Beautiful. I scribbled this word in my notebook seven times as I watched Disney’s latest princess adventure, ‘Frozen.’ Lots of other compliments can and will be paid to this profoundly wonderful film, but it is, above everything else, spectacularly beautiful.

Inspired by Hans Christian Andersen’s ‘The Snow Queen,’ ‘Frozen’ centers on sisters Elsa and Anna, princesses of the bustling Scandinavian-inspired kingdom of Arendelle. As children they were inseparable playmates, but a dark secret has put up a wall between older sister Elsa and the rambunctious little sister she is determined to protect. See, Elsa (Idina Menzel) was born with the ability to manifest snow and ice, but it’s a power she can’t always control. So, her well-intentioned but misguided parents teach her to conceal this side of herself, and in doing so turn their eldest into a lonely recluse who fears who she is.

Undaunted, the tenacious and spirited Anna (Kristen Bell) has hopes her sister’s self-isolation will melt away once Elsa is made queen. But on that fateful day, this carefree and klutzy little sister sets off a chain of events that runs Elsa out of town and throws all of Arendelle into an eternal winter. Determined to save her home and her beloved sister, Anna sets out on a quest into the icy wilderness. Along the way, she meets a gruff woodsman (Jonathan Groff), his loyal reindeer, a talking snowman (Josh Gad) and many more magical creatures.

While there’s plenty of adventure and rousing action sequences, ‘Frozen’ is at its core a story about sisterhood, love and self-discovery. The screenplay by Jennifer Lee is vibrant and clever, subverting old-fashioned princess tropes over more progressive messages about love and romance. From this solid base, she and co-director Chris Buck have constructed a dazzling and entertaining narrative that’s filled to the brim with fun and heart.

The animation is luxurious, reveling in delicate details like filigrees of ice, droplets that light up willow trees like Christmas bulbs, and brightly colored costumes with textures like suede, silk, velvet and satin. This care to detail naturally extends to the movie’s characters, whose physicality feels grounded in reality, yet heightened by Disney musical theatricality. And the vocal performances from the likes of Kristen Bell, Alan Tudyk, and Broadway stars like Idina Menzel, Josh Gad and Jonathan Groff radiate with verve and wonder.
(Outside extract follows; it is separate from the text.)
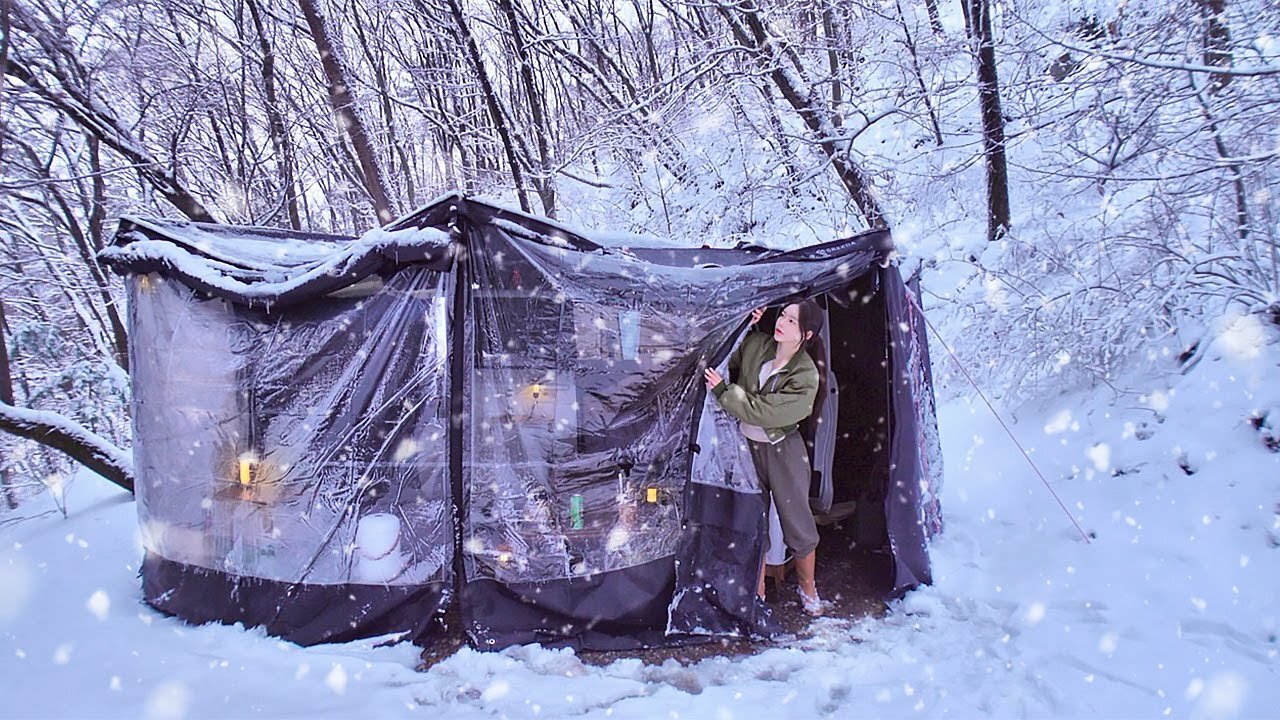 🌨 Camping in a 270-degree awning tent in heavy snow and rain A glass of makgeolli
Bell’s ardent enthusiasm plays perfectly against the tension-strained delivery of Menzel’s conflicted Snow Queen. And Groff pulls double duty as the socially awkward woodsman Kristoff, who also speaks on behalf of his reindeer sidekick Sven. Personally, I worried the talking snowman Olaf (voiced by Broadway star Josh Gad) would be too kooky and one-note to be much more than obnoxious long term. But instead he is an irrepressible joy, spurring characters (and us) to hope and laugh even in the movie’s darkest moments.

Ultimately, ‘Frozen’ is a total crowd-pleaser from start to finish. Its musical numbers kick off the film with an intoxicating energy, and carry it through with one toe-tapping tune after another. With some of Broadway’s best performing them, these songs thrum with so much emotion that I can’t wait to listen to them on a shamelessly endless loop. Most of these numbers deftly deliver character info or drive along the story, but they are so entertaining that the effect is seamless, never stalling the plot. Well, almost never. There is one number about “fixer upper” relationships that seems to fly in the face of many of the movie’s themes as well as stopping its momentum cold. But this ditty is mercifully short.
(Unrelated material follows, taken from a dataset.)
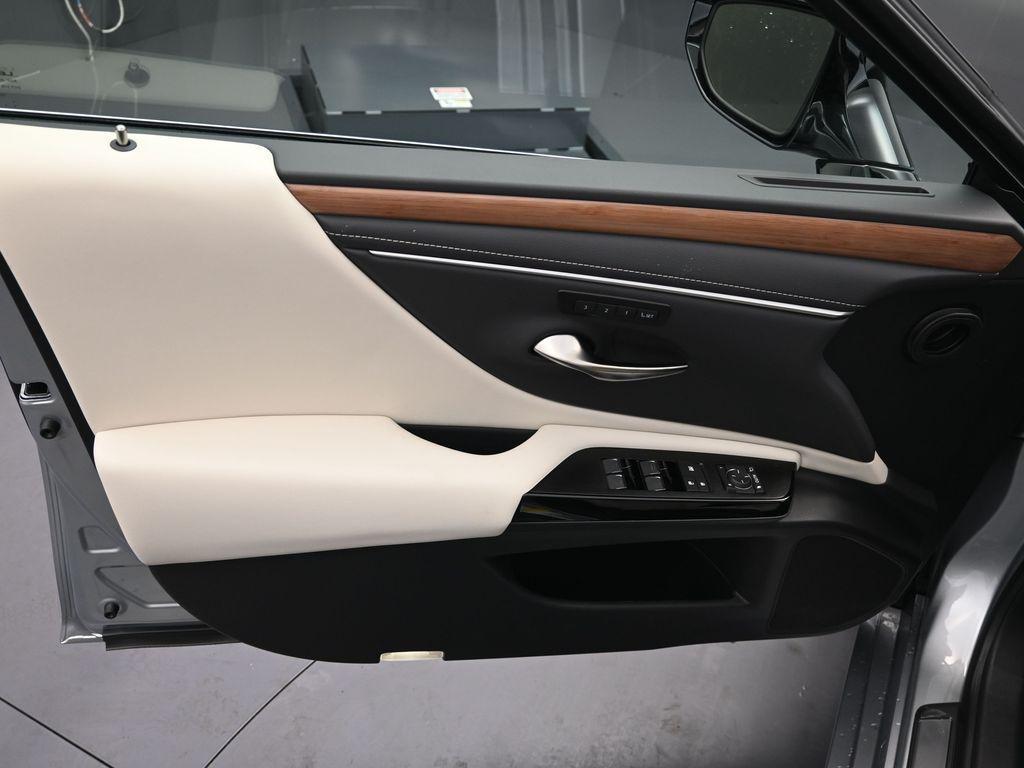 new 2025 Lexus ES 350 car, priced at $50,024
But in spite of this minor flaw, I can’t stress enough how fantastic ‘Frozen’ is. It’s funny and moving, exciting and thought provoking. Moreover, it’s such a pleasure to watch that it’s sure to be a favorite for audiences of all ages. Better still, ‘Frozen’ is so deeply beautiful that it is sure to inspire children, artists and animators for generations to come.


‘Frozen’ opens in theaters on Nov. 27.